Dapagliflozin reduces hyperglycaemia in patients with type 2 diabetes mellitus (T2DM) by increasing urinary glucose excretion.
This study determined the overall safety profile of dapagliflozin in T2DM.
Safety of dapagliflozin in pooled analyses of phase IIb/III studies was evaluated. Patients received comparator or dapagliflozin as monotherapy, add-on to antidiabetic therapy, or as initial combination with metformin. Proportions of patients with adverse events (AEs) and prespecified parameters related to previous clinical observations and dapagliflozin’s action were assessed. The principal analysis used data from 12 placebo-controlled studies. Rare events were assessed across phase IIb/III studies, including special populations, comparator-controlled trials and ongoing long-term extensions.
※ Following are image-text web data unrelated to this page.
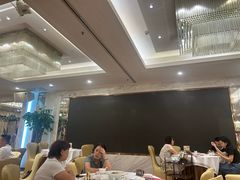 -广州酒家(昌岗地铁站店)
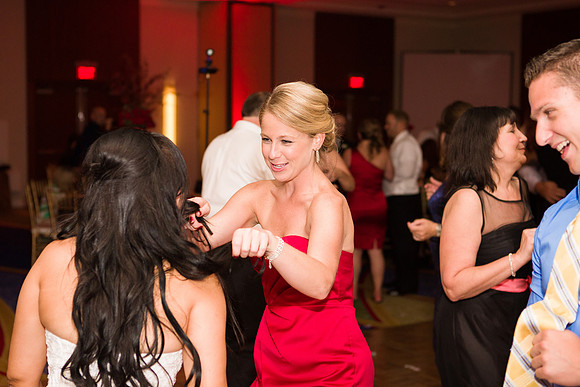 761Boston-Marriott-Long-Wharf-Wedding-Fuccis-Photos3778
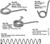 Ghost Tunning Kit SIG 365 Spring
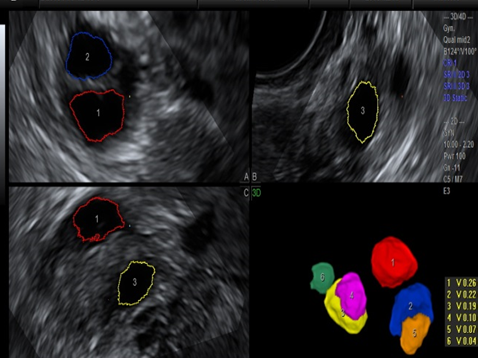 1603955860317547.png 1603955860317547.png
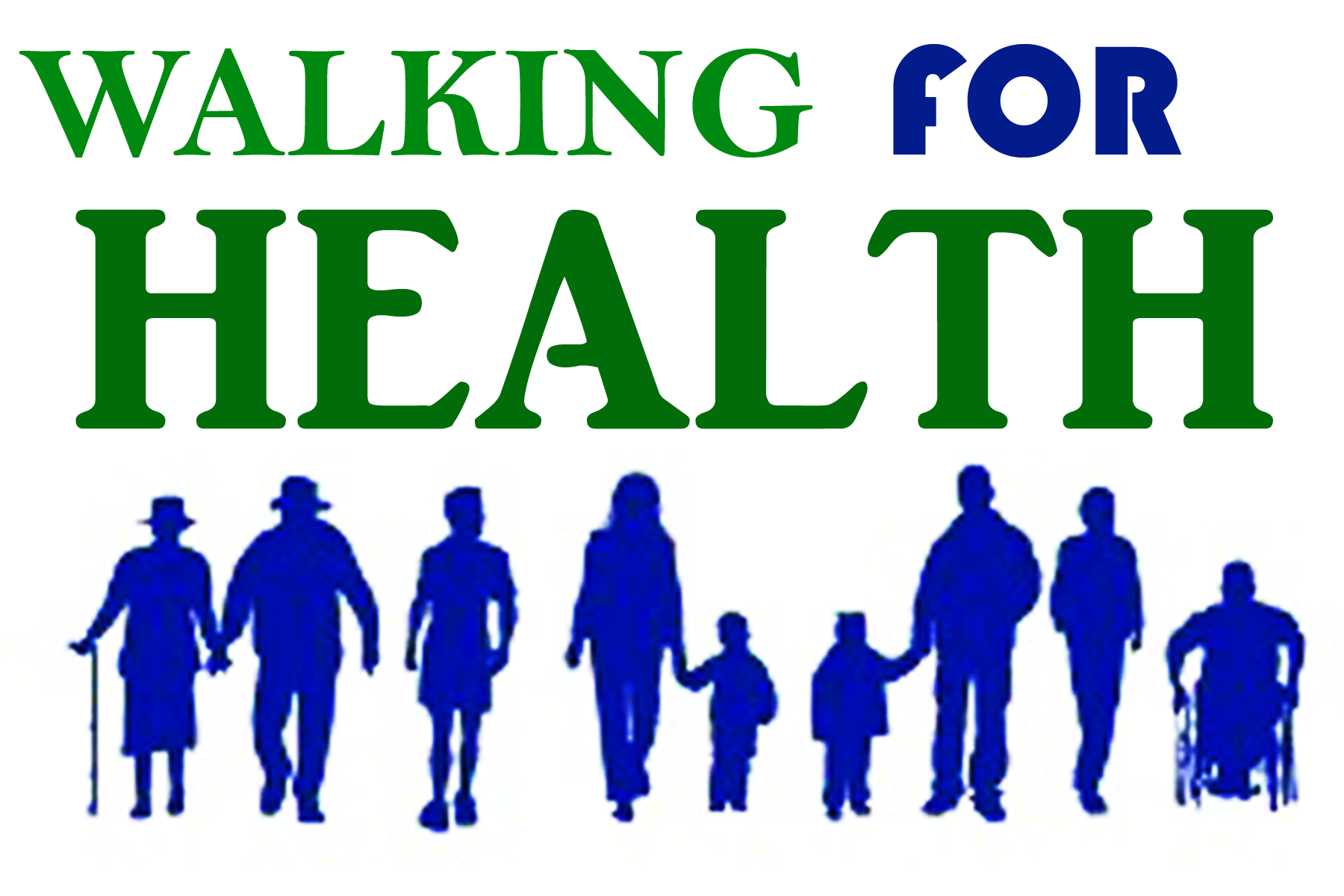 WALKING FOR HEALTH.png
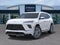 2027 Buick Enclave 4dr Avenir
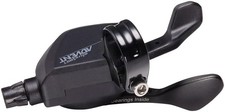 microSHIFT ADVENT Xpress Plus 1x9-Speed Trigg...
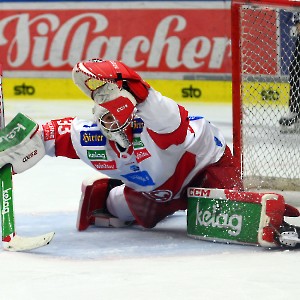 EC VSV - EC-KAC (01.10.2023)_11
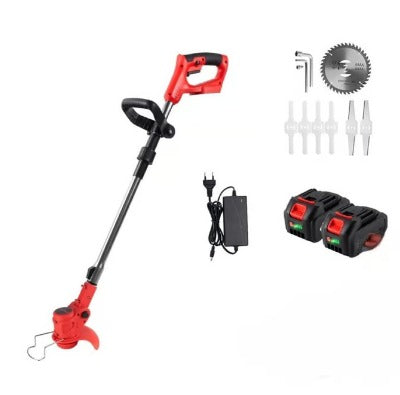 Mastershop Product Image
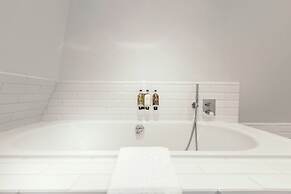 Apotek Hotel by Keahotels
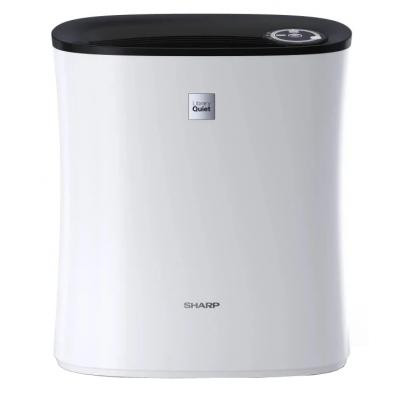 Очисник повітря Sharp SHARP UA-PE30E-WB (UA-PE30E-WB)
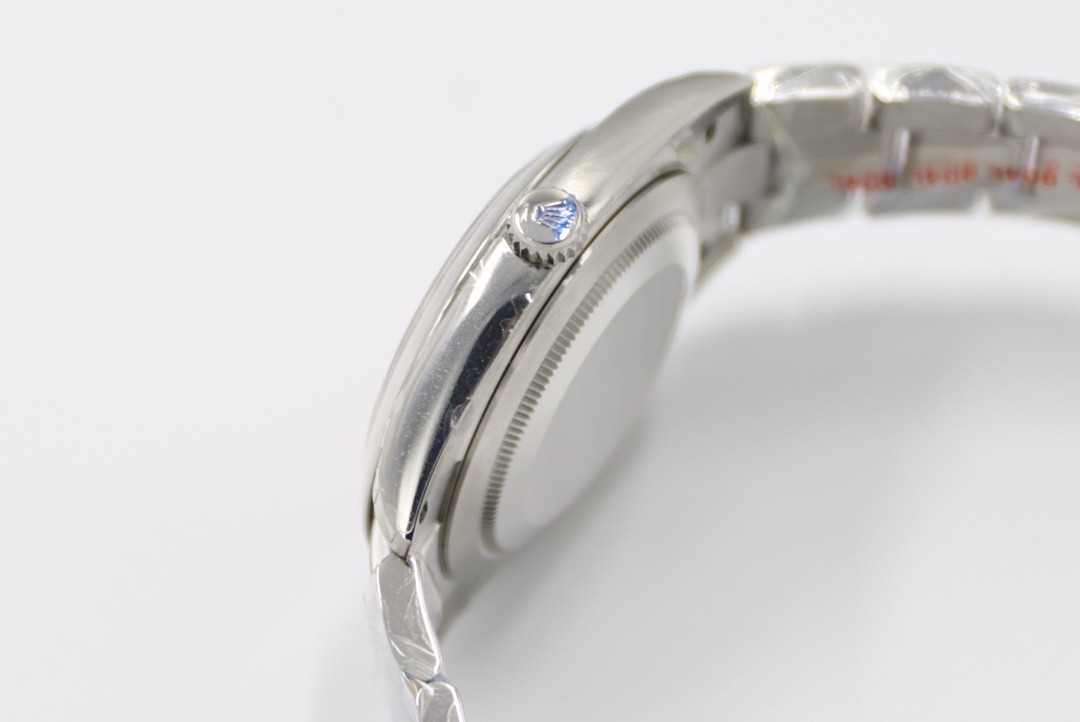 「#2038」Rolex Oyster Perpetual 41 series watches
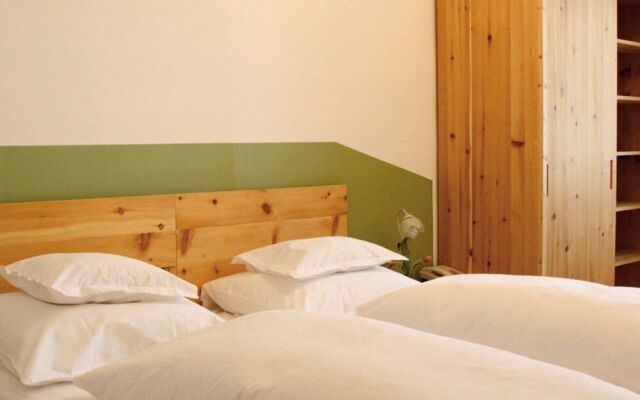 Hotel Gasthof Esterhammer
In placebo-controlled studies, hypoglycaemia was more common with dapagliflozin (11.8 %) than placebo (7.0 %), with imbalance driven by add-on of dapagliflozin to sulfonylurea or insulin. Urinary tract infections (4.8 vs 3.7 %), vulvovaginitis/balanitis and related infections (5.1 vs 0.9 %), and non-serious volume-related events (0.8 vs 0.4 %) occurred more often with dapagliflozin than placebo. No substantial AEs were seen on electrolytes or renal function. Pyelonephritis was rare and balanced among treatments; there were no imbalances in fractures or liver test elevations. Overall incidence of malignancies was balanced between groups. The incidence rate ratios of malignancy in certain organ systems were slightly lower for dapagliflozin (renal tract, female reproductive) and in others were slightly lower for control (breast, prostate, bladder). Most AEs associated with dapagliflozin were mild/moderate and related to the mechanism of action.
Dapagliflozin has a favourable and predictable tolerability profile, with reported events related to its mechanism of action.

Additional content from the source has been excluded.